To download this repository, run

git clone --recurse-submodules https://github.com/arcelien/hawc-deep-learning.git
cd hawc-deep-learning

Overview

Data Processing

parse_hawc.py reads in data from the $HAWC folder and generates the training and testing datasets for our experiments.

To generate the dataset, run

# generate the coordinates of the PMT by reading a XCDF file (for visualization later)
python parse_hawc.py --hawc-dir $HAWC --save-dir [dir to save data in] --gen layout
# generate the specified data files
python parse_hawc.py --hawc-dir $HAWC --save-dir [dir to save data in] --gen [one-channel-map or two-channel-map or one-dim]
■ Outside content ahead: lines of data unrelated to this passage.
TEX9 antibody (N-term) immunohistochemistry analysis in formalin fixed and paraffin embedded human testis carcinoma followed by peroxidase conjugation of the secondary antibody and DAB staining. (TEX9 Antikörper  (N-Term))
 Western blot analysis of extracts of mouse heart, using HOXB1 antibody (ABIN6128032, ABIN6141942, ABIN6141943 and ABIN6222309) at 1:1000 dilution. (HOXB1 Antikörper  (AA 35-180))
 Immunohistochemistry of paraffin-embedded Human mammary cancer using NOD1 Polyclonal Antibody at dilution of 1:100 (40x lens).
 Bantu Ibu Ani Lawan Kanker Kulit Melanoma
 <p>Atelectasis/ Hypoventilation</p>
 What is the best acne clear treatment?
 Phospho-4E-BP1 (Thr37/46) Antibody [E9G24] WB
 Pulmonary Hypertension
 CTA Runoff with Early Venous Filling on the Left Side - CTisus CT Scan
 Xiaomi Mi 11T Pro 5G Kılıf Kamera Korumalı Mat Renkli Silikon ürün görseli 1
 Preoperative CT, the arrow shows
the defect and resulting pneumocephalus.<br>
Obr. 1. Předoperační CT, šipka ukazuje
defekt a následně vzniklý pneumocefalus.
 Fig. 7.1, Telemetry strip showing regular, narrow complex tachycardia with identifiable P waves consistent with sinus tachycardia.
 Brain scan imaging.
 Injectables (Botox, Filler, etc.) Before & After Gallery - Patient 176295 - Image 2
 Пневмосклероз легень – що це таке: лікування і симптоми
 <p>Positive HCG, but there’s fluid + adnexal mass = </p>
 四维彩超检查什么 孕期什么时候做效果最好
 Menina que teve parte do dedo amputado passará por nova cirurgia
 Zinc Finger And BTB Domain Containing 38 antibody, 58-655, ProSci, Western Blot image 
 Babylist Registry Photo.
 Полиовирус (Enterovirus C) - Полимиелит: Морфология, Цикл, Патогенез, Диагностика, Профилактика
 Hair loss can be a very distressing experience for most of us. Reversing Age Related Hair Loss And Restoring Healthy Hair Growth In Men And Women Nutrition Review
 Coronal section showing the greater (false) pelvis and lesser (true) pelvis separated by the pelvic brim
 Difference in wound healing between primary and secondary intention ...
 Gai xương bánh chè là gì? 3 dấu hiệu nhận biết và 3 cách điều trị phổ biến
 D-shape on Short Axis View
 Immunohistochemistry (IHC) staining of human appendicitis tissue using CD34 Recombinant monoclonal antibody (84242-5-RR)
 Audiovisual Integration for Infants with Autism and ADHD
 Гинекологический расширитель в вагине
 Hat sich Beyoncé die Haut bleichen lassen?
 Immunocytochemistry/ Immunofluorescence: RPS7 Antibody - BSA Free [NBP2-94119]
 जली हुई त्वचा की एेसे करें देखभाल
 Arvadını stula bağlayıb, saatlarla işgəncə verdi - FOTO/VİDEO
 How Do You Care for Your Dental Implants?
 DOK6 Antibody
For PMT data from grid hit events, we use a mapping of PMTs to specific coordinates of a 40x40 grid, defined in squaremapping.py

Note: because there are more coordinates (1600) than PMTs (<1200), some coordinates will always have 0 value if they don't correspond to a PMT.

Plotting

plot.py contains many visualization functions. It can visualize data from XCDF files (called in parse_hawc.py).

We can visualize the actual structure of the HAWC grid of PMTs. It's clear that some data is unintialized and we clean it during processing.

Here are some visualizations of data from our dataset, and an example of a conversion from the raw cosmic ray event data to the 40x40 image we use in our models.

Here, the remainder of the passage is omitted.